Thursday, January 3, 2013

Goosegrease

grilledcheese.jpg
Eastside Road, January 2, 2013—
OVER THERE TO THE LEFT (depending on your browser, of course) you see grilled cheese sandwiches, raw carrots, and a couple of little baked potatoes. One raw, two cooked, different techniques. A nice little survey for a first after-a-series-of-feasts light supper, with one touch of decadence, hinted at in the title above.

The carrots, of course, are simply scrubbed and cut lengthwise. Since they're good small fresh carrots they need absolutely nothing, not even salt — though they were helped a bit by that barely visible stain of something on the plate at the center of the photo. (Depending on your browser and monitor, of course.)

Lindsey put slices of Gruyère between slices of bread, buttered them slightly on the outsides, and grilled them between two black iron frying pans.
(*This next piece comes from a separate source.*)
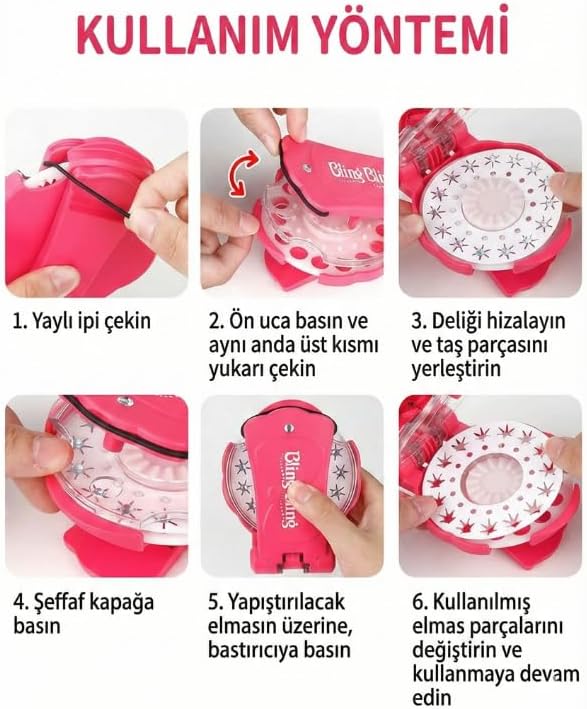 Shopexxtra Saç Taşı Yapıştırma Makinesi ve 90 Adet Işıltılı Mücevher Seti - Kız Çocuk Saç ve Moda Aksesuarı - Eğitici ve Eğlenceli Tasarım Oyuncağı (Bling Set)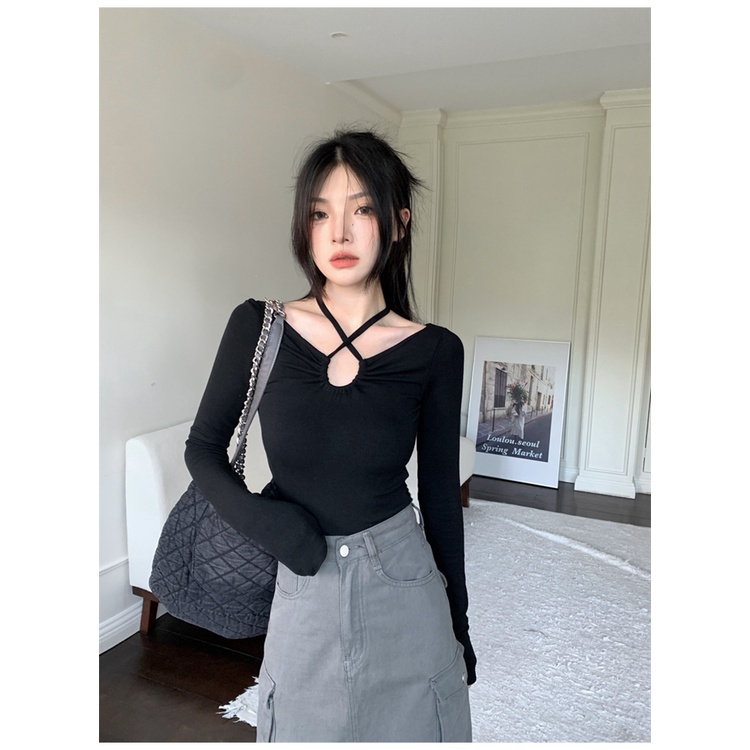 Áo Thun Tay Dài Cổ Chữ V Dáng Ôm Phong Cách Hàn Quốc Thời Trang Mùa Thu Quyến Rũ Cho Nữ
You pre-heat both, on the range; then put the sandwiches in the larger one and set the smaller one on top. Who needs a fancy electric grill?

(The bread is Acme's "Edible Schoolyard" bread, whole wheat, pumpernickel, honey and salt, a delicious bread with a dense grain.)
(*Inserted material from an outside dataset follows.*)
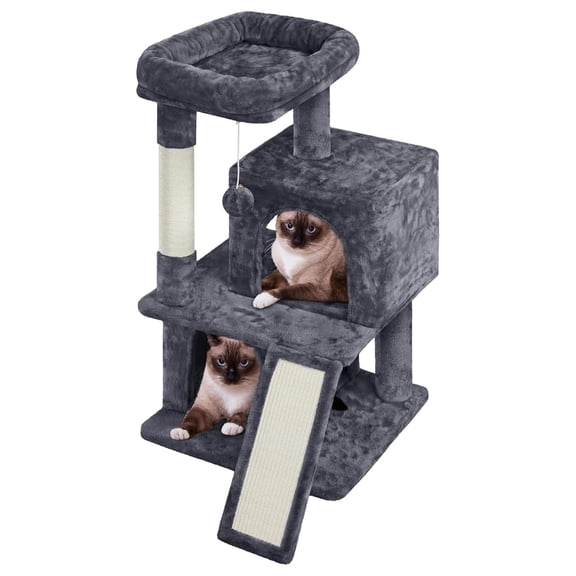 PINDEE 36in Cat Tree Cat Tower Cat Condo Play House Climber Stand Furniture w/Scratching Post, Plush Perch, Dangling Ball, Two Condo and Ramp, Suit for Kittens, Cats and Pet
The potatoes were "baked" in a little electric toaster oven we use for such things. I don't know which is more efficient, that oven or firing up our gas oven, much too large for the job.

The decadence is goose fat. There were a few scraps of the Christmas goose in one of the pots, and I rendered them out in a little enameled iron saucepan, set on our wood heating-stove, over a few days. I like the fragrance. You simply add a little water to the scraps and let it cook very slowly. At the end, you'll hear sizzling: either add a little more water and continue the process, or toss the whole thing out, or — as I do — spread the cooked goose rillettes on toast and pour the little bit of hot goose fat onto your baked potato. If some of the carrots pick up a little, no problem. You can get every bit of this heavenly stuff off your plate with the last of the grilled cheese sandwich.